Dicho de otro modo, el profesor Barea pertenecía a la época en que el capitalismo era aún un sistema humano: los trabajadores de una fábrica tenían rostro para sus directivos, los empresarios tenían una cierta idea de quiénes eran sus trabajadores, y a algunos incluso los conocían por el nombre de pila y sabían cuántos hijos tenían, y los ejecutivos sabían que sus decisiones empresariales iban a afectar a un número concreto de personas, por lo general padres de familia con hijos a cuestas. Pero en la época de Kerviel, la que se inició en los años 90 del siglo pasado, todo eso ha desaparecido. Ahora los ejecutivos y los brokers actúan como drones no tripulados que sobrevuelan un territorio que no conocen ni del que quieren saber nada. Sean cuales sean las decisiones que tomen, nunca verán a los trabajadores o a los ahorradores a los que afecten sus operaciones especulativas. Y hagan lo que hagan, jamás tendrán que enfrentarse con los trabajadores a los que alguien más tendrá que despedir -siempre hay un pobre diablo al que se le encarga esa tarea-, igual que jamás llegarán a tener noticias de ahorradores que lo han perdido todo o que han sido afectados por una quiebra o una ruina empresarial. Por no saber, estos ejecutivos ni siquiera saben a quién afectan las operaciones que traman en fracciones de segundo en sus teclados de ordenador o en sus llamadas vertiginosas por teléfono. En su mundo sólo hay cifras misteriosas, siglas incomprensibles, nombres extraños que nada significan para alguien que no viva en su mundo donde se considera que ganar 300.000 euros al año es una vergüenza, ya que debes ganar el doble si no quieres que tus compañeros de oficina te miren con desdén por ser un pringao.

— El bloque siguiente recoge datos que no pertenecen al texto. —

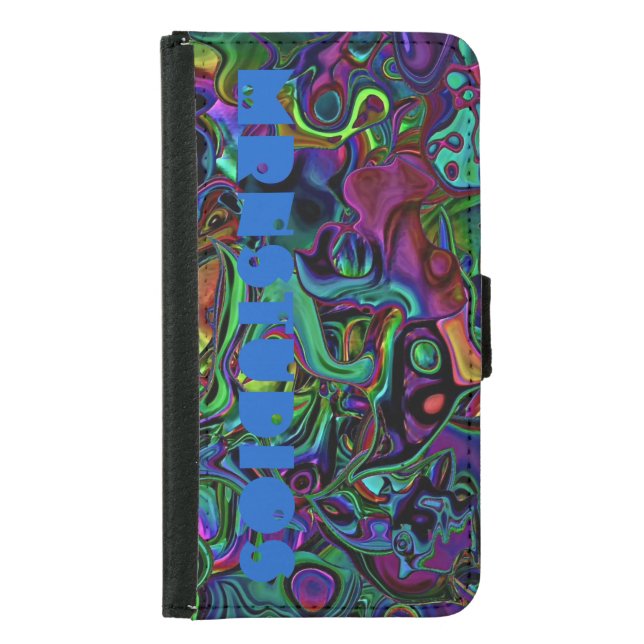 Brain Melt  iPhone Wallet Case (Front)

Como es lógico, en el mundo de Kerviel no existen las palabras lealtad o deber o conciencia. En apenas un año hizo perder a su banco 4.900 millones de euros, que intentó ocultar hasta que fue descubierto. Fue condenado a cinco años de cárcel, pero ahora ha sido puesto en libertad condicional después de haber cumplido sólo tres meses de condena. Como es natural, Kerviel se considera una víctima y echa las culpas al banco y a sus jefes. Antes de entrar en prisión, emprendió una peregrinación a pie desde Roma a la frontera francesa para denunciar la "tiranía de los mercados", y luego fue a visitar al papa porque decía haberse arrepentido. Como es natural, todos estos hechos fueron publicitados de mil maneras diferentes, y la opinión pública empezó a considerarlo un héroe en vez del villano que en realidad había sido. Y tanto Marine Le Pen -en la extrema derecha- como la izquierda más radical lo considera tan sólo un cabeza de turco al que se ha acusado injustamente, ya que los verdaderos culpables son los bancos y su capitalismo de casino.

En el otro extremo estaba el profesor Barea, que fue nombrado secretario de Estado por Aznar, en 1996, para que cuadrara los presupuestos, pero sólo duró dos años en el cargo. ¿Por qué? Porque empezó a decidir todo lo que los políticos no querían oír, hasta que un día alguien le señaló la puerta. De hecho, Barea predijo la burbuja económica y todo lo que ha pasado después, sólo que nadie le hizo caso. Justo lo contrario de Kerviel -y de los políticos que se han comportado de una forma similar-, Barea se consideraba un trabajador público que estaba al servicio del país y que se negaba a cobrar otras retribuciones que no fueran su modesto salario de funcionario. Pero Barea ha muerto y el joven Kerviel ha quedado en libertad. Una muestra más del mundo en que vivimos.